The Antiguan Government has now had second thoughts about that loan, and is trying to renegotiate it. Their aviation minister, Robin Yearwood, recently told the Observer newspaper: “The loan that they (the United Progressive Party government) had signed for me — since I became the Minister — I don’t like it. I think reason will prevail. You can’t get no 13 per cent and 10 per cent interest in a world like this.”
Phase I of the work involved renovations and expansion of the existing terminal, and some work on the airfield. Phase II involved the building of a new terminal on land seized from jailed American financier Allen Stanford.
New loans had to be taken out to fund construction of the new terminal. They are said to have totalled between $75 million and $137.9 million. The Chinese became involved, completing the project in 2015 using all Chinese materials and all Chinese labour.
Financing also included Chinese government “grants” which in theory do not have to be repaid. However, the Antigua Government recently handed over another large parcel of prime beachfront real estate seized from Allen Stanford to a Chinese investment group, including the 455-acre Guiana Island and some smaller islands nearby.
The Chinese financing of the airport deal is complicated and not at all transparent, but you get the picture. The true cost of Antigua’s new airport is a very, very long way above $98 million.
Mr Famous didn’t mention the airport at St Vincent, which services fewer than 80,000 visitors a year. I bring it up because it is instructive in this context. Ground was broken for the new Argyll International Airport in 2008 supported by funding from Taiwan, Iran, Cuba and Venezuela, among others.

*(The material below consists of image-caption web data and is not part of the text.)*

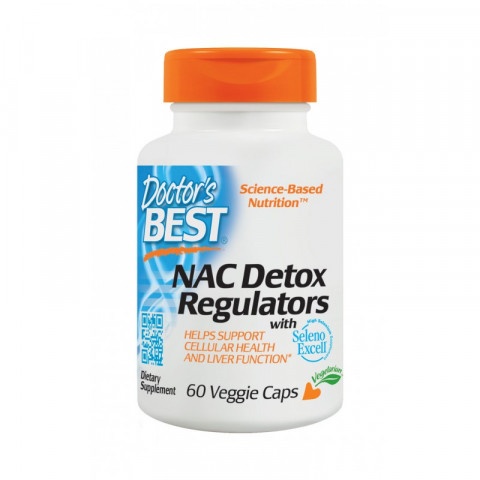 Снимка на Doctor's Best Nac Detox Regulators поддържа нормалното производство на глутатион х 60 за 29.99лв. от Аптека Медея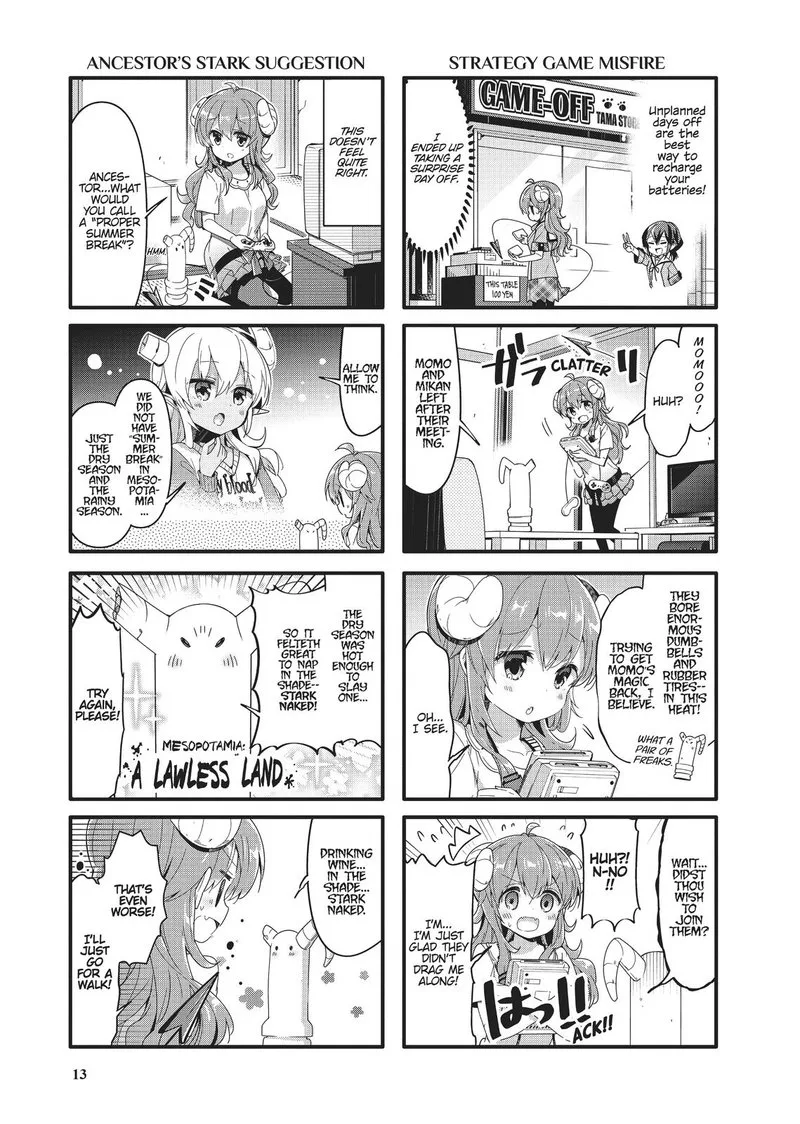 Machikado Mazoku Chapter 40 page 3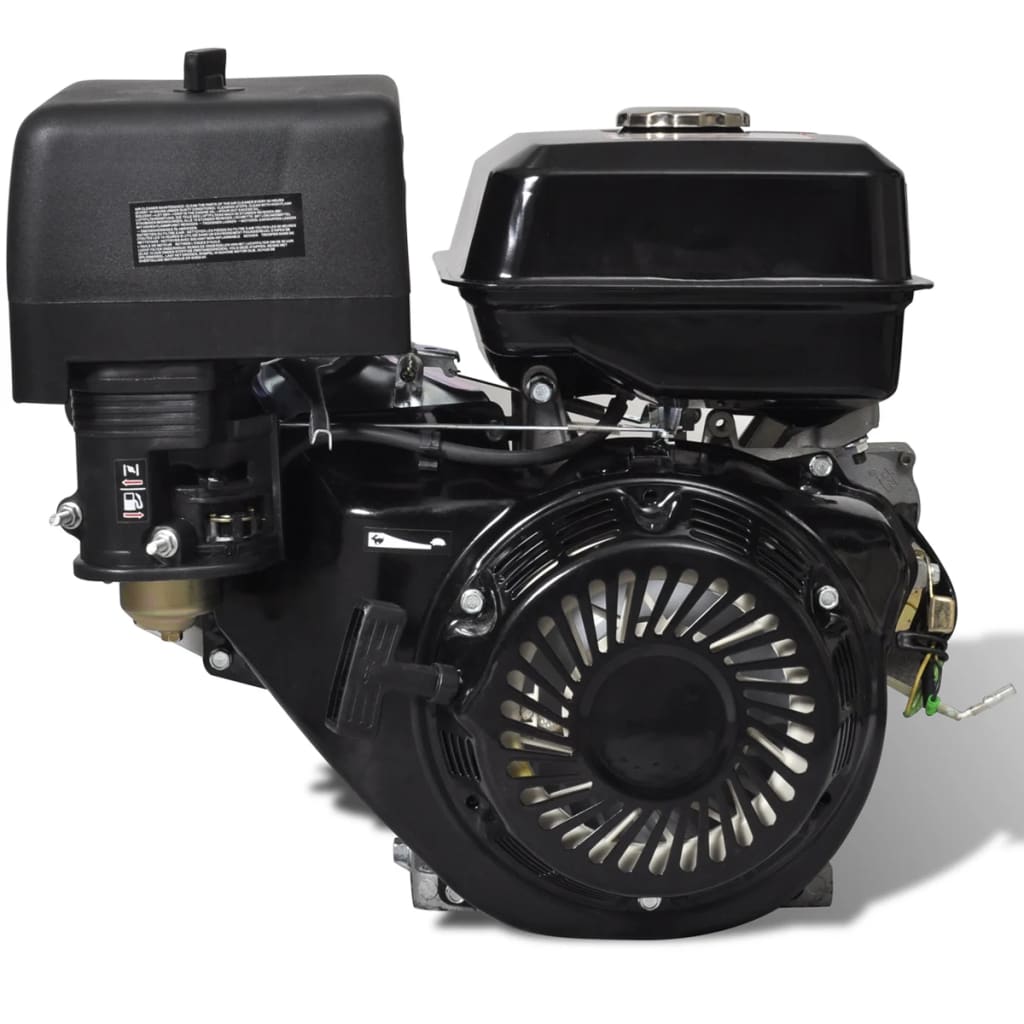 vidaXL Bencinski motor 15 KM 11 kW črn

It was due to open in 2011, but the St Vincent Government missed completion dates in that year, in 2012, 2013, 2014, 2015 and are thought likely to miss again in 2016. The cost, initially expected to be $240 million, after more than five years of delays, is currently estimated to be around $350 million!
Anybody who thinks the team at the Bermuda Ministry of Finance is going to allow this kind of shambolic situation to characterise our management of this new airport project is mistaken. Bermuda is serious about getting this done quickly, efficiently, intelligently, carefully and without wasting so much as a penny if we can help it.
We keenly feel our responsibility to get this done in a way that will make us all in Bermuda proud. In fact, it’s a strategic decision to have CCC as a government partner to guarantee the project will be delivered on time, on budget and on spec.
We have found a way of doing it that doesn’t add to Bermuda’s debt burden, freeing us from the necessity to squeeze the annual budget and increase the economic pain Bermudians are feeling. We have found a way of doing it that guarantees delivery on time and on budget — free of cost overruns. We have found a way of doing it that allows us to maximise the participation of Bermudians in the project, before, during and after construction.
And as we’ve all seen in the architects’ renderings, we’ve found a way of doing it that is going to give us an architecturally attractive, first-class, modern, efficient airport, one that will both project our first-class reputation and help us in our economic recovery.
It’s one of the great tragedies of our time that the Combined Opposition can’t see what is in front of their noses. They have wasted countless hours and boundless energy searching fruitlessly for some evidence of wrongdoing on the government’s part over the last two-and-a-half years. Just think what they might have accomplished if they’d put that time to helping Bermudians in their time of need.
•Senator Georgia Marshall, JP, is the Bermuda Government’s Senate spokeswoman for justice.